Tutu, an anti-apartheid activist whom the ZOA also called a “virulent critic” of the Jewish state, also is among the medal recipients.

The Robinson award comes as the Obama administration is already facing increasing criticism from several Jewish groups over a Middle East strategy they see as placing disproportionate pressure on Israel compared to the Palestinians and Arab states.

The growing controversy over Robinson could potentially complicate such efforts to win over the Israeli public, since the former U.N. human rights chief is slated to visit the region just a couple weeks after the Tuesday, Aug. 12 White House medal ceremony.

Robinson is expected to join Tutu and former President Jimmy Carter, a longtime Israel critic, on a mission to Israel, the West Bank and Gaza as part of an international group of statesman and dignitaries that calls itself the Elders. Any anti-Israel rebuke from Robinson or the group is likely to prompt a new round of criticism and questions about Obama’s decision to honor her.

The controversy is fueling speculation over whether the controversy is an example of poor vetting or a conscious decision to push ahead despite the predictable complaints from some sectors of the Jewish community.

Tevi Troy, a former Jewish liaison and domestic policy adviser in the George W. Bush administration, said he was surprised that such a controversial honoree could pass what should be an extensive vetting process in the White House.

Troy said that when he worked in the Bush administration, one person had the job of researching every person selected for an honor or scheduled to meet with the president to make sure the person had nothing in his or her past that might reflect badly on the president — from a controversial public statement to a tax lien.

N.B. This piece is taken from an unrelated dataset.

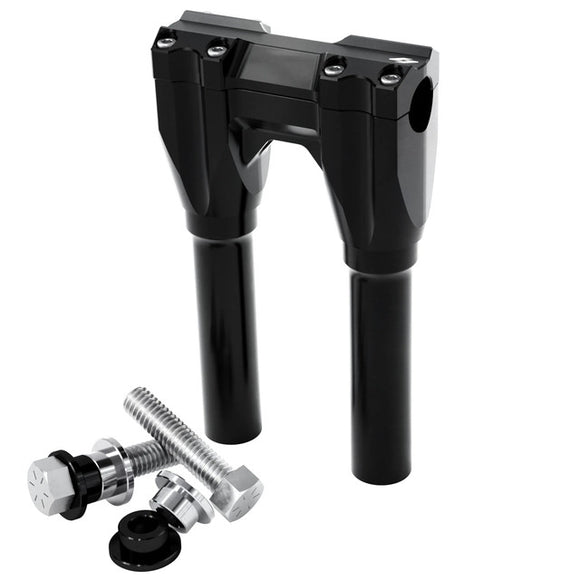 KRAUS ISOLATED STRAIGHT RISERS | TOURING/BAGGER - 2018 & UP SOFTAIL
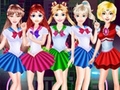 Spēle Sailor Girl Battle Outfit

Finally, Troy said, any major award would have to “get clearance” from senior staff, which in this case would likely include top adviser David Axelrod and chief of staff Rahm Emanuel, both of whom are Jewish.

Abraham Foxman, the ADL’s national director, doubted that this was a case of anything more than “sloppy research.”

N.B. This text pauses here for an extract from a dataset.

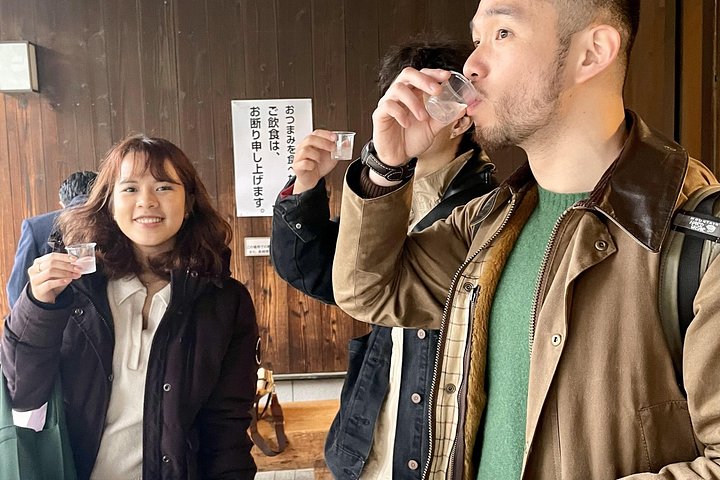 Sake-tur og smaksprøver i Kobe med en Sake-brygger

“I don’t think this is consciously” an act “against the Jewish community or Israel,” he said. “Somebody didn’t do their due diligence.”

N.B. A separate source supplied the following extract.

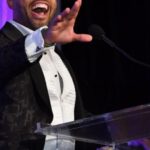 Charles S. Johnson IV Instagram - 🙏🏽💛💫 Repost from @consumerwatchdog • It was our honor to recognize Charles Johnson as Citizen Activist of the Year at the 2022 Rage For Justice Awards Charles turned his pain into power after the tragic death of his wife Kira due to gross medical negligence. We are forever grateful to you Charles for your leadership and passion. @4kira4moms #cantstopwontstop #lovealwayswins #4kira4moms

One Obama supporter suggested that the controversy was a distraction from more important matters.

“With a major battle to ensure every American has access to health care, delicate negotiations to further the peace process in the Middle East and the battle to deny Iran a nuclear capacity, don’t we as a community have more critical issues to focus on?” said Ira Forman, the CEO of the National Jewish Dem-ocratic Council.

The primary criticism of Robinson, the first female president of Ireland, comes over her 1997-2002 tenure as U.N. high commissioner of human rights, during which she was the convener of a U.N. conference ostensibly against racism that was filled with anti-Israel and anti-Semitic hostility.

“She allowed the process to be hijacked to promote the delegitimizing of Israel and pronouncements of hateful anti-Jewish canards, such as ‘Zionism is racism,’ ” Foxman said.

In an article detailing the reasons for the failure of the conference, the late Rep. Tom Lantos (D-San Mateo) wrote in 2002 that “much of the responsibility for the debacle rests on the shoulders” of Robinson, who “in her role as secretary general of the conference failed to provide the leadership needed to keep the conference on track.”

Supporters of the Robinson selection have pointed to an article from the Jerusalem Post to argue that Robinson did make efforts to fight anti-Semitism at the conference. The article reports that “waving a book of anti-Semitic cartoons distributed at the anti-racism conference in Durban, U.N. High Commissioner Mary Robinson — in a dramatic act of identification with the Jews vilified in the pamphlet — declared ‘I am a Jew’ at an NGO dinner there Wednesday night.”

Engel said he didn’t think the White House would withdraw the award because “they don’t want to look like they buckled under to pressure.” The congressman cautioned, however, that he didn’t want to “blow it out of proportion,” noting that there are “a lot more important things” going on besides the Robinson controversy.